お金と幸せ 3

足るを知る

数年前に、NHKラジオに作家の山本一力が登場しました。

山本一力

山本は、高知市に生まれ、生家は高知市の大地主でしたが没落、14歳の時に上京しました。通信機輸出会社、大近畿日本ツーリスト、コピーライターなど十数回の転職を経て、1997年に『蒼龍』でオール讀物新人賞を受賞してデビューし。2002年には『あかね空』で直木賞を受賞しました。

知足者富

NHKのアナウンサーが、「現代に日本人にとって一番大事なことは何か?」と問われ、「足るを知ること」だと答えました。これは2千数百年前に書かれた「老子」の言葉だとされています。老子は、「知足者富」(足るを知る者は富む)と言いました。

煩悩

欲望が強い、あるいは強すぎると幸せにはなれません。大みそかに除夜の鐘を108回突きますが、それは煩悩(ぼんのう)の数だとされています。煩悩は仏教で心身にまといつき心をかきみだす、一切の妄念・欲望です。もし、足るを知って、煩悩はなくなれば、幸せになれます。

1950年代の電気洗濯機

第二次世界大戦後の1950年代、日本では電気洗濯機が普及しました。それまで、それぞれの家庭には洗濯板とたらいがあって、主婦が冬の冷たい時でもそれで選択して、あかぎれしたものでした。毎年のように給料が増えたサラリーマン亭主が、電気洗濯機を買って妻に楽させることのできる喜びを味わい、妻がそれを使って洗濯ができるようになったために、亭主も妻も幸せになりました。しかし、その幸せを感じることのできる日本人は、現代ではほとんどいません。当たり前のことになってしまったからです。現代人はもっと、強い欲望を持ったからでしょうか。

老子

老子は、「満足することを知っている者は、心豊かに生きることができる」と、説いています。

ボルカー議長

ポール・ボルカー(1927年 – 2019年)は、アメリカ合衆国の経済学者で、カーター、レーガン政権下(1979年 – 1987年)で第12代連邦準備制度理事会(FRB)議長を務めました。

ボルカ―・ルールとインフレ退治

ボルカ―は銀行から投機的な活動を分離する「ボルカ―・ルール」を制定しました。また、インフレ退治をしました。ボルカ―の12月11日のワシントンポスト紙の記事を読みながら考えてみましょう。以下は拙訳です。

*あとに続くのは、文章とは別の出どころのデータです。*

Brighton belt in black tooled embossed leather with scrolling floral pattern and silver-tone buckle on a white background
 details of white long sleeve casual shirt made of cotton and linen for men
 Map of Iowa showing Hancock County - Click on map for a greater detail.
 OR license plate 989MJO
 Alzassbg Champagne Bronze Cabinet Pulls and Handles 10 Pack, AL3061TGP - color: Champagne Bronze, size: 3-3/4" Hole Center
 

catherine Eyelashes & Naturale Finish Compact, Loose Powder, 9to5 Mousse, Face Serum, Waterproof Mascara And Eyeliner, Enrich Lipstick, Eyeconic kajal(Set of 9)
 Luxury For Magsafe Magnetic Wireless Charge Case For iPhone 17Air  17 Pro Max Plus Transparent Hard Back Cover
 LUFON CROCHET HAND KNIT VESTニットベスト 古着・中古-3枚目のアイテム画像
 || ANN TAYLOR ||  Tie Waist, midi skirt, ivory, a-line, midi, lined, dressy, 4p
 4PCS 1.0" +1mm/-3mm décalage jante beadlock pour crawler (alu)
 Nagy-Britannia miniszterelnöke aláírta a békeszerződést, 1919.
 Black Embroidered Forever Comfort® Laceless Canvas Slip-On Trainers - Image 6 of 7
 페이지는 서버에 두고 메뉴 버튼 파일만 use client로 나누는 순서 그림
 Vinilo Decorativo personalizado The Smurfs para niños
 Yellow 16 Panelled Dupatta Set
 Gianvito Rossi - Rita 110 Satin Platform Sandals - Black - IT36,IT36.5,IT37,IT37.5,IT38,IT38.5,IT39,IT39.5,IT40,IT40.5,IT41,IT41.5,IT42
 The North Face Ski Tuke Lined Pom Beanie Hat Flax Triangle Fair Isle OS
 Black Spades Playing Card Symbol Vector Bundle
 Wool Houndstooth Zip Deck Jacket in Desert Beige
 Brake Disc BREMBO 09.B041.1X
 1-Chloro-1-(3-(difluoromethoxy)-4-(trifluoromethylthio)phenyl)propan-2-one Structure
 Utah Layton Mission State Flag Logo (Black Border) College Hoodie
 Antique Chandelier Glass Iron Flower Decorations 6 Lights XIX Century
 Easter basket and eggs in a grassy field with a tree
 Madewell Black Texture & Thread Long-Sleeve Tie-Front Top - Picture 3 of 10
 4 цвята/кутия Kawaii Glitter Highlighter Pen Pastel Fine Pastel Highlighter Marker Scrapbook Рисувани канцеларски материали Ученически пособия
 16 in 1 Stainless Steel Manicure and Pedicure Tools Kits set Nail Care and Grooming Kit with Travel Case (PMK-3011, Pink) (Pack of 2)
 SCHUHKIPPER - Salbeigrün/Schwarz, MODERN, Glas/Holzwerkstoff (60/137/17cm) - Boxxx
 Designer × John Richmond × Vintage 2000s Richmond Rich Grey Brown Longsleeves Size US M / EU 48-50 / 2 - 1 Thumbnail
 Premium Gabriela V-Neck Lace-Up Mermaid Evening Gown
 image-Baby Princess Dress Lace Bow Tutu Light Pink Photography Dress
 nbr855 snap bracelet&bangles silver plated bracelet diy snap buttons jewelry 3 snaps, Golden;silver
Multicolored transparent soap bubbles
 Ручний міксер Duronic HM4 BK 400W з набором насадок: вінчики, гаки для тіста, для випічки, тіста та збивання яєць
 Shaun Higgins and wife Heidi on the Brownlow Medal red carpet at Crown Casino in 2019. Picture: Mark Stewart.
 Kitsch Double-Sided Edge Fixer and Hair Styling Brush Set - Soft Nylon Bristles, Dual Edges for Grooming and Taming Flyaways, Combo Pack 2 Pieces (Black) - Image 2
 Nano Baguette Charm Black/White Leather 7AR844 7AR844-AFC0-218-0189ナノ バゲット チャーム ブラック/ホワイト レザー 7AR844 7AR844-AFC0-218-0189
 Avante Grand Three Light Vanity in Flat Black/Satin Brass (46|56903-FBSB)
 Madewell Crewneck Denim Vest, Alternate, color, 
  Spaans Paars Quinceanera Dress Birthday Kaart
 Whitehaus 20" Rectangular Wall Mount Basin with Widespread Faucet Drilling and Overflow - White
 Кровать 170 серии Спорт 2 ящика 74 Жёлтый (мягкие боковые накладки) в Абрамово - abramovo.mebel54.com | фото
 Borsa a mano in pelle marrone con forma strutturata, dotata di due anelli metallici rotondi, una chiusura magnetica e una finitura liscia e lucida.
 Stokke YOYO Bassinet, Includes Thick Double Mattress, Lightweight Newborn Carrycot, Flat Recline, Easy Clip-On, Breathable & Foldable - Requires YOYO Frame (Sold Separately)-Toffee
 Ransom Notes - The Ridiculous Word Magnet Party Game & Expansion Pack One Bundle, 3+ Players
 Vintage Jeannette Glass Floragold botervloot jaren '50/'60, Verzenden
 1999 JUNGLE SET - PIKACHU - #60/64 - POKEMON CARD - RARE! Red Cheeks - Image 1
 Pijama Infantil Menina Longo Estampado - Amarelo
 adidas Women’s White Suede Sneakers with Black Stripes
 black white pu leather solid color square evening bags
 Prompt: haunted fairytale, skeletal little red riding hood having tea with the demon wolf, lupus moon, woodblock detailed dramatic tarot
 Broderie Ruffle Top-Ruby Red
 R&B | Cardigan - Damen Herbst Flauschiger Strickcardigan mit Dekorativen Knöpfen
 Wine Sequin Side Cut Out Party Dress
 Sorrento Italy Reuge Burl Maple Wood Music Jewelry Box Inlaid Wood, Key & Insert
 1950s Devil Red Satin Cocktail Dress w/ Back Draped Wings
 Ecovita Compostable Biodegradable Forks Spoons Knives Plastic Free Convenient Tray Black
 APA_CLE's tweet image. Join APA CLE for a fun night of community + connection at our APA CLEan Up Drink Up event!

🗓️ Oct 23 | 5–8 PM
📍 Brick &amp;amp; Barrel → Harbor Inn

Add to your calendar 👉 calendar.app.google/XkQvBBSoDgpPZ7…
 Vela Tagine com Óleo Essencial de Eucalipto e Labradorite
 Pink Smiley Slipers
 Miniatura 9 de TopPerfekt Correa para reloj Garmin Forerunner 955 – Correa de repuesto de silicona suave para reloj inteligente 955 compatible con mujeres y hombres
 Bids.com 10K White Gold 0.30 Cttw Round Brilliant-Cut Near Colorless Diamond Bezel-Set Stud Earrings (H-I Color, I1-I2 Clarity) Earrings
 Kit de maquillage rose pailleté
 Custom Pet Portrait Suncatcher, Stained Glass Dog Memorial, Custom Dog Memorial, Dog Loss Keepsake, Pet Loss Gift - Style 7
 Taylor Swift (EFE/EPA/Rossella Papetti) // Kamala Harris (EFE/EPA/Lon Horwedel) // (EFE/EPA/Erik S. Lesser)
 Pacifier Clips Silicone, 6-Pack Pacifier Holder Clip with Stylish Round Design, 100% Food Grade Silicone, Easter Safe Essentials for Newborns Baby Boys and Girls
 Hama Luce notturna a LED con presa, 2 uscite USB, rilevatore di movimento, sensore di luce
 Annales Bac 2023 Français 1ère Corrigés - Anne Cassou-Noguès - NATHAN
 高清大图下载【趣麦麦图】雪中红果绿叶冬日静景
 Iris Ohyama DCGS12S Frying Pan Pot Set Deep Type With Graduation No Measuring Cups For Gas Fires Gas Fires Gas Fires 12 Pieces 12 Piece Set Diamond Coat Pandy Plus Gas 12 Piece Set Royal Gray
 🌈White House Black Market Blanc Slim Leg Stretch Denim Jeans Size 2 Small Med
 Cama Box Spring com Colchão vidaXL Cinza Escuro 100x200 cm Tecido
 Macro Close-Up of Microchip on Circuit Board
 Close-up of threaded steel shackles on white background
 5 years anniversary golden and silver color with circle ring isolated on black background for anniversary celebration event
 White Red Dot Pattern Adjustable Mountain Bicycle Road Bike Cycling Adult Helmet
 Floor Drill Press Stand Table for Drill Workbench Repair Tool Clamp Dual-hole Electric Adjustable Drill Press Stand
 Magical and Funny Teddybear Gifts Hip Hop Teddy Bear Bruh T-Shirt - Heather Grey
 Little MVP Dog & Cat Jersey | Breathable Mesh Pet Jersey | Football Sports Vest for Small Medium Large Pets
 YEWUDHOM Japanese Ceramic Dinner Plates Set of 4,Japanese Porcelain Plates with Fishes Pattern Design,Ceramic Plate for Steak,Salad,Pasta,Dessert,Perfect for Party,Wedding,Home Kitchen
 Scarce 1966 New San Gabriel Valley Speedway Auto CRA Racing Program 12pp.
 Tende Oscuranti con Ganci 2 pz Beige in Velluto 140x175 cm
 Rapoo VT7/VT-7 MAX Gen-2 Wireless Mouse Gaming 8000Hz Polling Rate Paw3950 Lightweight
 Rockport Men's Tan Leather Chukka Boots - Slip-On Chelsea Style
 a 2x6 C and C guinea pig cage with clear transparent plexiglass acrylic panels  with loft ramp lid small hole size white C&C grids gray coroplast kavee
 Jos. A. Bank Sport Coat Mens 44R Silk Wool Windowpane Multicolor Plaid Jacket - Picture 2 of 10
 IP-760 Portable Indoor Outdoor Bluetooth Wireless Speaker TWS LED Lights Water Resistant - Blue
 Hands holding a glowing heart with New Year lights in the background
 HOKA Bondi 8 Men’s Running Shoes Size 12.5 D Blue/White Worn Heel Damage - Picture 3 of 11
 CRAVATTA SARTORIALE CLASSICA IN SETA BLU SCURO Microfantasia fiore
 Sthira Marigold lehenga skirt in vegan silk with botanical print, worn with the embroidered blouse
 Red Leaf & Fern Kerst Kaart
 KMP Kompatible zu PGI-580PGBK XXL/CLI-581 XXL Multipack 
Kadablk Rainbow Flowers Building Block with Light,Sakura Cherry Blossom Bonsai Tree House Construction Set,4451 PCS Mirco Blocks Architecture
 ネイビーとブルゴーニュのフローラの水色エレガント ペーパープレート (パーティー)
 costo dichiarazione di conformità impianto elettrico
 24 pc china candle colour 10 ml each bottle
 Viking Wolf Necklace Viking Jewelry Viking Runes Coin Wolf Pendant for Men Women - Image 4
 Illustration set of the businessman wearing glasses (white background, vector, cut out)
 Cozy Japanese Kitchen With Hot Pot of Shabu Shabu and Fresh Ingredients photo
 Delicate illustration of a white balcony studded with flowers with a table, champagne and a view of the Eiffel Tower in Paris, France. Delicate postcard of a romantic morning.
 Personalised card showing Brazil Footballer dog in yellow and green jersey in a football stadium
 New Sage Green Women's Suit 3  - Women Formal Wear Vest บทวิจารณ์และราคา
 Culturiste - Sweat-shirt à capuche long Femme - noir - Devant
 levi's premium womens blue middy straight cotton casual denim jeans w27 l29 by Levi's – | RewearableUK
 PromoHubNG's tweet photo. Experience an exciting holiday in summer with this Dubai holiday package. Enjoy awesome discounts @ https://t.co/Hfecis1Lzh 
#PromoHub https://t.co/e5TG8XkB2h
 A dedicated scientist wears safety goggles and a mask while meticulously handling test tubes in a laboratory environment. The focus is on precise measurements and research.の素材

ポール・A・ボルカ―がFRBを辞めた後、彼のニューヨークの事務所に、一人の友人が立ち寄りました。彼は自分の息子の話をボルカ―にし始めました。その息子は、ヘッジ・ファンドで働いていて、大金を儲けてぜいたくな暮らしをしていました。ボルカ―は、「息子さんの持っていないものを私は持っている。」と言い返しました。友人は訳が分からず、それは何かと問いました。ボルカ―は一言「足る(たる)」と答えました。

(訳者注:老子の「足るを知る者は富む」の意味は、満足することを知っている者は、たとえ貧しくとも精神的には豊かで、幸福であるということです。この意味で、「enough」と言ったのだと思います。)

二人の大統領、二人の財務長官、議会の仲間の民主党議員、そしてウォールストリートに対して「足る」と言ったことで、ボルカ―は記憶にとどめられるべきです。彼は92歳で死去しました。その途中でボルカ―はUSドルを救い、行政府と議会から独立した機関でプロフェッショナリズムの思想を守ったのです。

以上が拙訳でした。あまり欲張らない方が良いようですが、私は今のポートフォリオでよいのかどうか、考えます。